Write a note about configurations in datasets into ``notes.txt``.

.. runrecord:: _examples/DL-101-123-110
   :workdir: dl-101/DataLad-101
   :language: console

   $ cat << EOT >> notes.txt
   Configurations for datasets exist on different levels (systemwide,
   global, and local), and in different types of files (not version
   controlled (git)config files, or version controlled .datalad/config,
   .gitattributes, or gitmodules files), or environment variables.
   With the exception of .gitattributes, all configuration files share a
   common structure, and can be modified with the git config command, but
   also with an editor by hand.

   Depending on whether a configuration file is version controlled or
   not, the configurations will be shared together with the dataset.
   More specific configurations and not-shared configurations will always
   take precedence over more global or hared configurations, and
   environment variables take precedence over configurations in files.

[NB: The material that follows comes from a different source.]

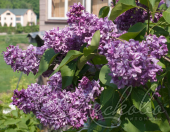 Сирень обыкновенная (Syringa vulgaris `Edward Harding)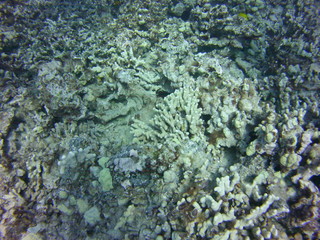 Obraz premium Coral Reef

   The git config --list --show-origin command is a useful tool to give
   an overview over existing configurations. Particularly important may
   be the .gitattributes file, in which one can set rules for git-annex
   about which files should be version-controlled with Git instead of
   being annexed.

   EOT

.. runrecord:: _examples/DL-101-123-111
   :workdir: dl-101/DataLad-101
   :language: console

   $ datalad save -m "add note on configurations and git config"

.. only:: adminmode

   Add a tag at the section end.

     .. runrecord:: _examples/DL-101-123-112
        :language: console
        :workdir: dl-101/DataLad-101

        $ git branch sct_more_on_DYI_configurations


.. rubric:: Footnotes

.. [#f1] When opening any file on a UNIX system, the file does not need to have a file
         extension (such as ``.txt``, ``.pdf``, ``.jpg``) for the operating system to know
         how to open or use this file (in contrast to Windows, which does not know how to
         open a file without an extension). To do this, Unix systems rely on a file's
         MIME type -- an information about a file's content. A ``.txt`` file, for example,
         has MIME type ``text/plain`` as does a bash script (``.sh``), a Python
         script has MIME type ``text/x-python``, a ``.jpg`` file is ``image/jpg``, and
         a ``.pdf`` file has MIME type ``application/pdf``. You can find out the MIME type
         of a file by running:

         .. code-block:: console

            $ file --mime-type path/to/file

.. [#f2] Specifying annex.largefiles in your .gitattributes file will make the configuration
         "portable" -- shared copies of your dataset will retain these configurations.
         You could however also set largefiles rules in your ``.git/config`` file. Rules
         specified in there take precedence over rules in ``.gitattributes``. You can set
         them using the :gitcmd:`config` command:

         .. code-block:: console

            $ git config annex.largefiles 'largerthan=100kb and not (include=*.c or include=*.h)'

         The above command annexes files larger than 100KB, and will never annex files with a
         ``.c`` or ``.h`` extension.

.. [#f3] Should you ever need to, this file is also where one would change the git-annex
         backend in order to store new files with a new backend. Switching the backend of
         *all* files (new as well as existing ones) requires the :gitannexcmd:`migrate`
         command
         (see `the documentation <https://git-annex.branchable.com/git-annex-migrate>`_ for
         more information on this command).